◆ WHAT THIS TASK INVOLVES
Copy out the data below from the line containing "Omnia Charts" to the line containing "超流動ヘリウム3－A相の表面での軌道角運動量の向きの図", both lines included, with all images left out.

◆ GIVEN DATA
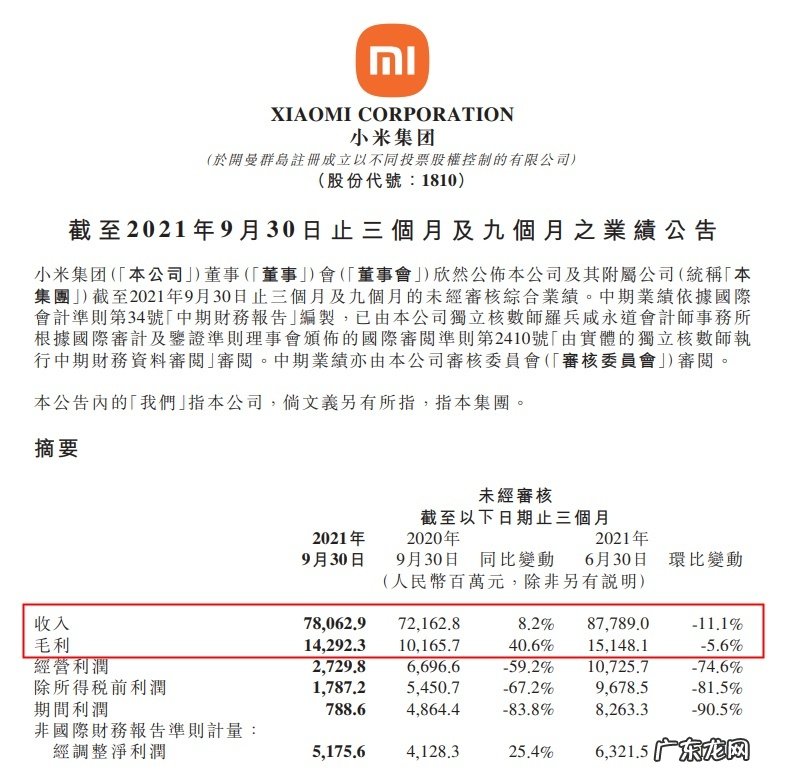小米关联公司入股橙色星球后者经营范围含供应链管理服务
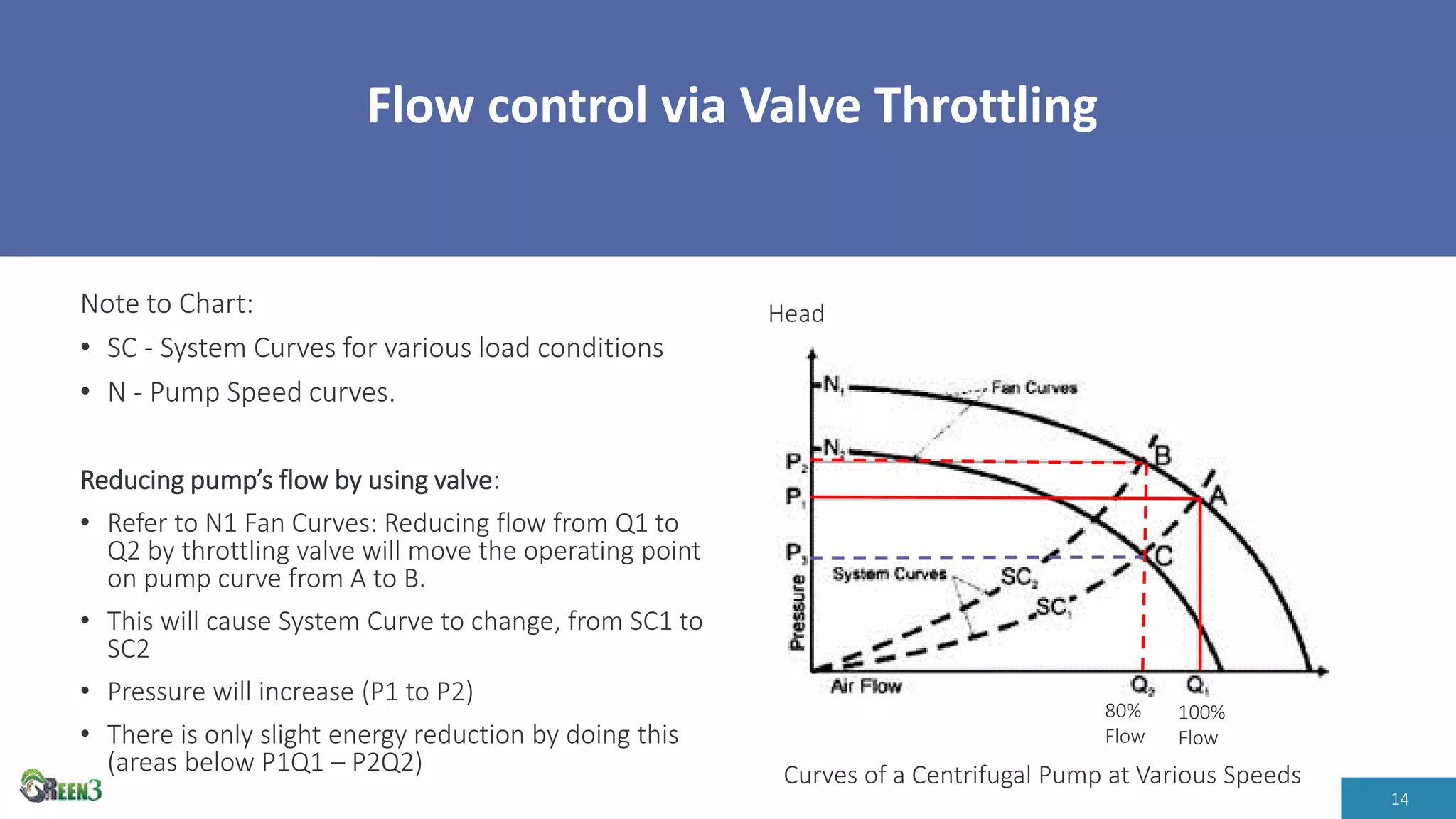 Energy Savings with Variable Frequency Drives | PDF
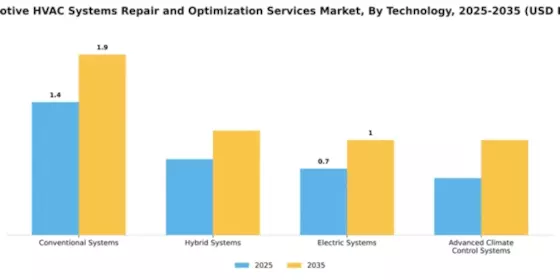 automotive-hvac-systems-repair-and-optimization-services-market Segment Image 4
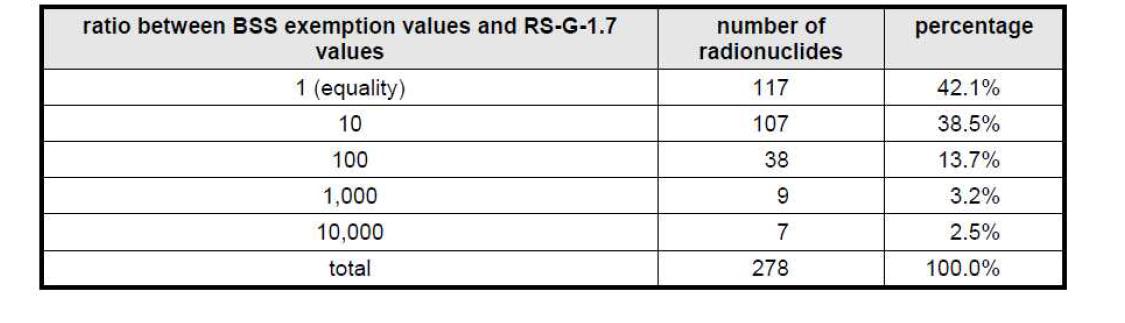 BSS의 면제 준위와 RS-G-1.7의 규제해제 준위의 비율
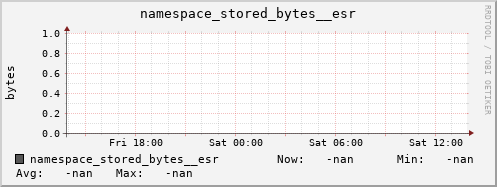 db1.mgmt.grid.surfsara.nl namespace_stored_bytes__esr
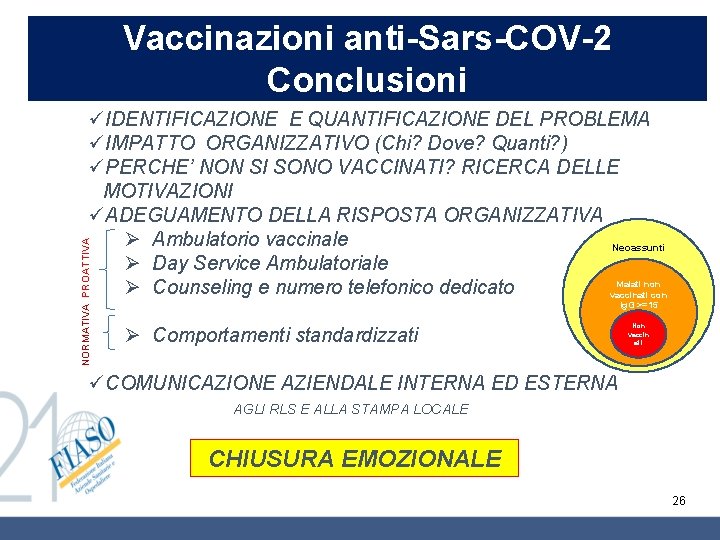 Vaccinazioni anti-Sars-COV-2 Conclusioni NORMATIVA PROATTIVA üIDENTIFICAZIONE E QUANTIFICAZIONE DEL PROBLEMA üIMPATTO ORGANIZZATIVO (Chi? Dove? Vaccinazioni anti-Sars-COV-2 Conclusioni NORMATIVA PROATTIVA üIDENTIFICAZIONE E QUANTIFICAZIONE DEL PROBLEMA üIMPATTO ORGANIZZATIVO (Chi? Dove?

...

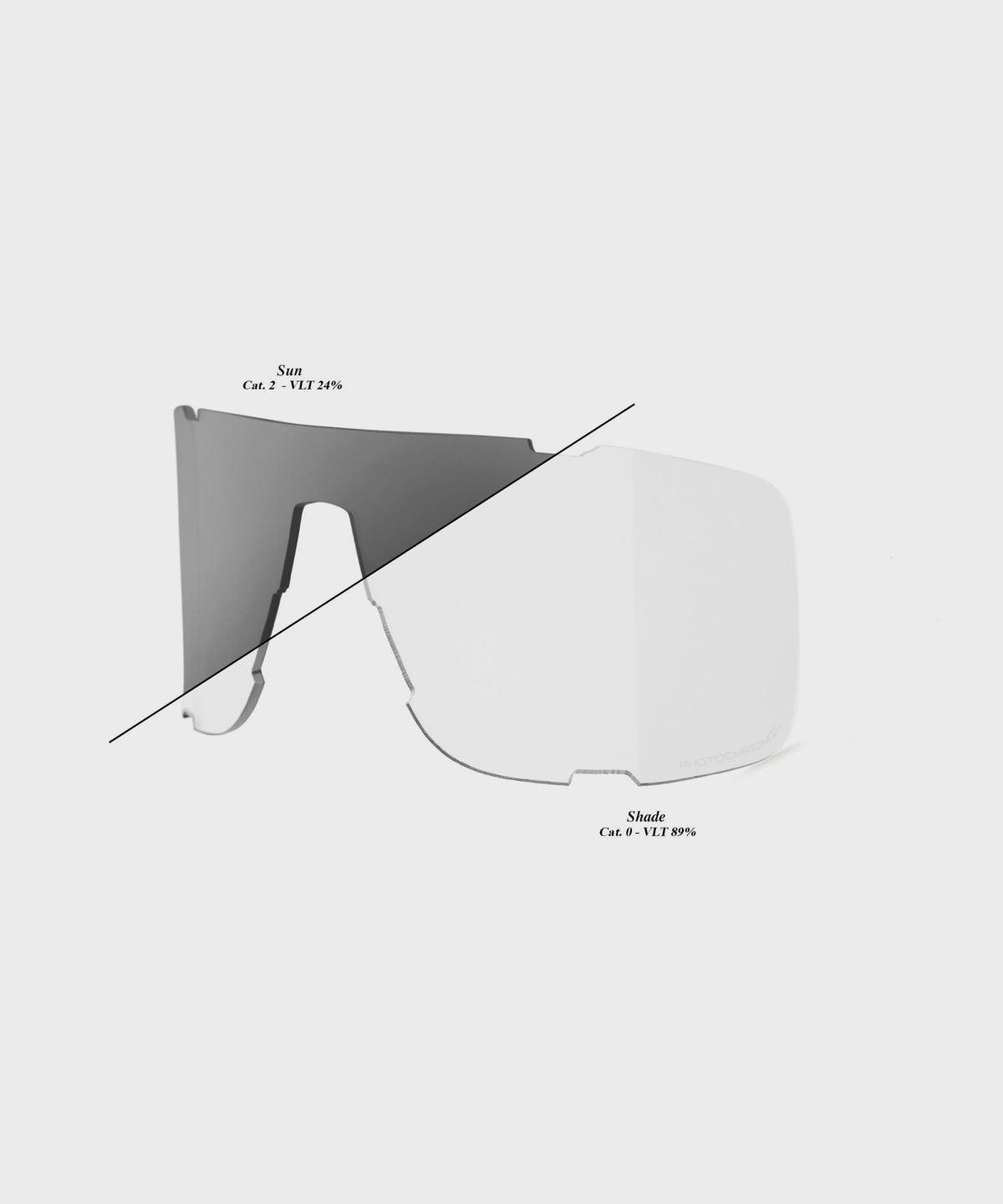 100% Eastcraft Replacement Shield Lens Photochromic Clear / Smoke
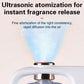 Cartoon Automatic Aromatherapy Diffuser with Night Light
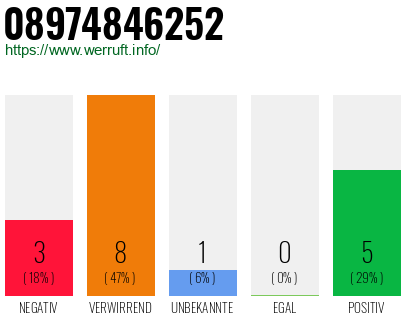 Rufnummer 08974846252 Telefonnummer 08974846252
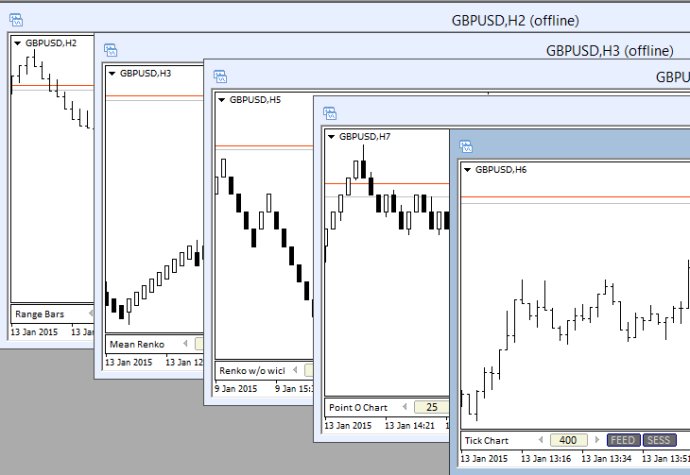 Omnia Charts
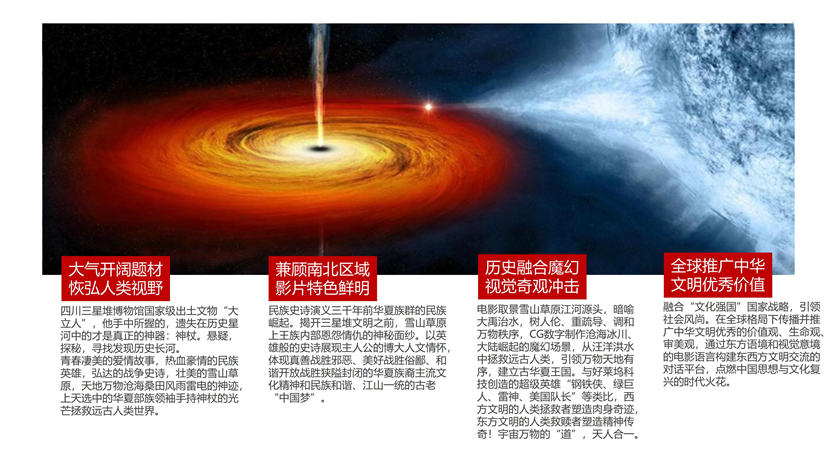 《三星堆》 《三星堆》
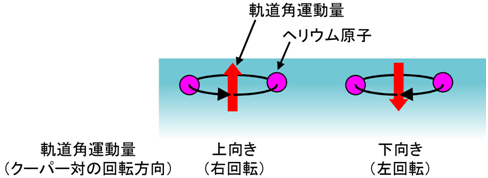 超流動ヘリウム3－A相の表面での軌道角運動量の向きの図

==

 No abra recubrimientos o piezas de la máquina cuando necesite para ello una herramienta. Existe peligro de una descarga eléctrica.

◆ EXERCISE RESPONSE
 Omnia Charts
 《三星堆》 《三星堆》
 超流動ヘリウム3－A相の表面での軌道角運動量の向きの図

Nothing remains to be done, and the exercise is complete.